The final scene proceeds to emphasize this: Grenouille, having poured the entire bottle of perfume on himself, was consumed alive by a group of people, each fueled by desire to possess a part of “this angel of a man” (254). Indeed, scent here provides an intimate space for interaction (Corbin 77), personal odor being a marker of sexual arousal and attraction (Glausiusz 43). However, Grenouille was never a subject of real intimacy in human interaction, merely being the recipient of the irrational self-abandonment and insane love that people who have smelled him would give him (Süskind 155).
The captives of Grenouille’s perfumes were held “under the sway of the odor, but without being aware of it” (158).

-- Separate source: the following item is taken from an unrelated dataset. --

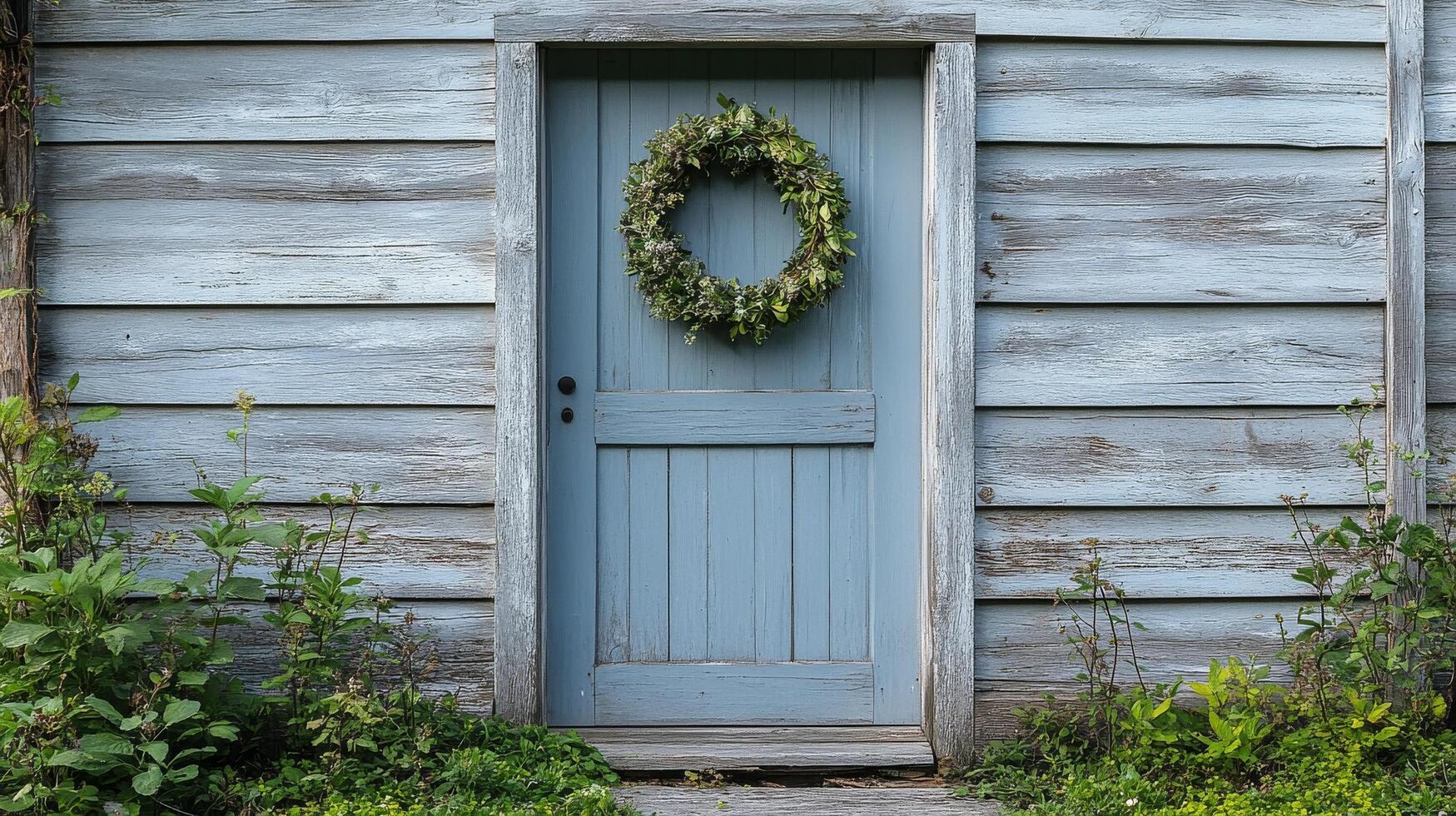 A blue door with a wreath on it photo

He was driven by contempt over humanity’s “simplicity and corruptibility” (Yi 225) to create a perfume of great power such that he may be admired, loved, desired, and idolized (Süskind 139). Moreover, what pleased Grenouille most, was “that all these men, women, and children…about him could be so easily duped”—that they deem the artificial personal odor he made for himself “just like their own”, leading them to “accept him…in their midst as a human being among human beings” (153). Even so, this perfume that compensated for his lack of scent was an artifice (Ackroyd), which lead him to greater depths of hatred for humanity “for they perceived only his counterfeit aroma, his fragrant disguise, his stolen perfume” (Süskind 140). In the end, though scent “lent itself to the transactions of intimate exchange” (Corbin 77), “without the ability to smell, one cannot detect the soul in a person” (Yi 220): the lack of any form of recognition for a person’s scent-identity (e.g. as would usually be given to a friend, Glausiusz 45) is, to the same extent, the absence of “the substance that fully established [one] as a human being” (Yi 220).
Conclusion: scent and the human condition
The sense of smell has long been neglected in the descriptions of historical events (Corbin 6) and psychological discoveries (Stafford 884). However, as presented here, scent offers an indispensable perspective in the construction of the importance of identity in achieving social recognition and succeeding in human interactions. That is, as scent reflects personal identity through its grounds in human physiology (Glausiusz 41) and individual preferences (43), it is regarded with importance in its ability to facilitate social discourses (e.g. Corbin 77), economic prosperity (Süskind 101), and power due to recognition (Corbin 78) as depicted in Perfume. Scent, indeed, is important not only for its psychological impact on human thought and experience (Stevenson 14-15), or its historical significance in decisions affecting the order of an entire society (Corbin 90; Feldman). Above these, it is able to offer a perspective not based on visual or auditory depictions of the world (cf. Yi 224), but founded on ways in which olfactory spaces are identified, individualized (Corbin 101), and shared in the history of the human condition (Stafford 887).